Having visited Crater Lake for over five decades, there have
been many deficiencies  observed in The Maintenance Division 
from very poor retaliatory supervision to simply idiotic decisions.  
This is the same Division which allows its diesel fueled vehicles
to idle endlessly belching out fumes contaminating the once
purer air in Sleepy Hollow to even idling noisy diesel in front 
of Crater Lake Lodge early in the morning so guests are 
awakened to noise and fumes rather than clean air over 
The Sea of Silence.
 
One serious problem over the decades has been amateurish
maintenance of heavily used trails when poorly supervised
youth labor crews cut special ancient whitebark pines and added
to surface erosion by failing to install appropriate log or
stone barriers to storm water flow critical to proper
trail drainage.  Old whitebark pines truly deserve respect
by visitors and park staff.
 
Let's examine the heavily used and very popular
Garfield Peak Trail beginning at Crater Lake Lodge or The
equally popular Watchman Lookout Trail beginning at the 
west rim corrals parking and overlook.
The  Garfield Peak Trail has had many perilous points 
without proper barriers along the caldera edge where any 
slip or fall may end in certain death.  The peak area
of Garfield Peak has been seriously deflated by wind
erosion with no attempt to restore these special Lake
Viewpoints trampled by thousands of humans over the years.
 
 
When the Friends of Crater Lake were invited to provide
volunteer labor to place the Pacific Crest Trail along the
west caldera rim,  they actually did more damage to
the local flora by ripping out subalpine plants many
decades old and exposing the pumice surface to intense
wind erosion.  The foot and wind erosion is severe
at specific points along the caldera rim exposing the deep
roots of ancient whitebark pines. 
since the original surface soil has been deflated by several feet.
The PCT Trail along the west caldera rim needs only
to be Identified by vertical posts since the direction
of foot travel is obvious with a few signs requesting hikers to
stay on the trail vs widening, digging  the trail needlessly. 
Portions of this trail follow the Historic Rim Road Track. Very
old sub alpine plant communities need to be protected
and trashed adjacent sites restored. Growing seasons
are very short at the rim elevations over 7000 feet so
restoration projects require many years.
 

Other popular trails like The Cleetwood Lake Trail
need constant maintenance to minimize erosion.
This Lake Trail probably is the most used of all
Crater Lake Trails during
the short, busy summer season, but needs to
be surfaced with appropriate material to protect
fragile adjacent sites and to minimize erosional
sediments and contaminants input into Crater Lake itself.

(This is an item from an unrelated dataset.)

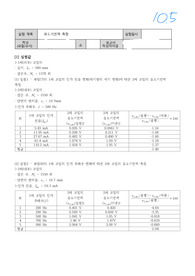 중앙대학교 일반물리실험2 유도기전력 측정 결과 A+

One of the proposals outlined in the Scoping Newsletter is to convert the Grayback Drive to a hiking/mountain bike trail.  While I've used this road on several occasions, I don't know how much use it gets and repurposing it as a trail may have its advantages, including minimizing impacts by removing vehicles from this section of the park.

Five of the proposed trails are barrier-free (Pumice Desert, North Junction, Grotto Cove, Castle Creek Canyon and Mazama Campground Loop).

This is the scoping phase, so this is the best time for everyone to voice their views to the Park Service; waiting until the EA to come out next year is a tad too late to make any meaningful changes to the plan.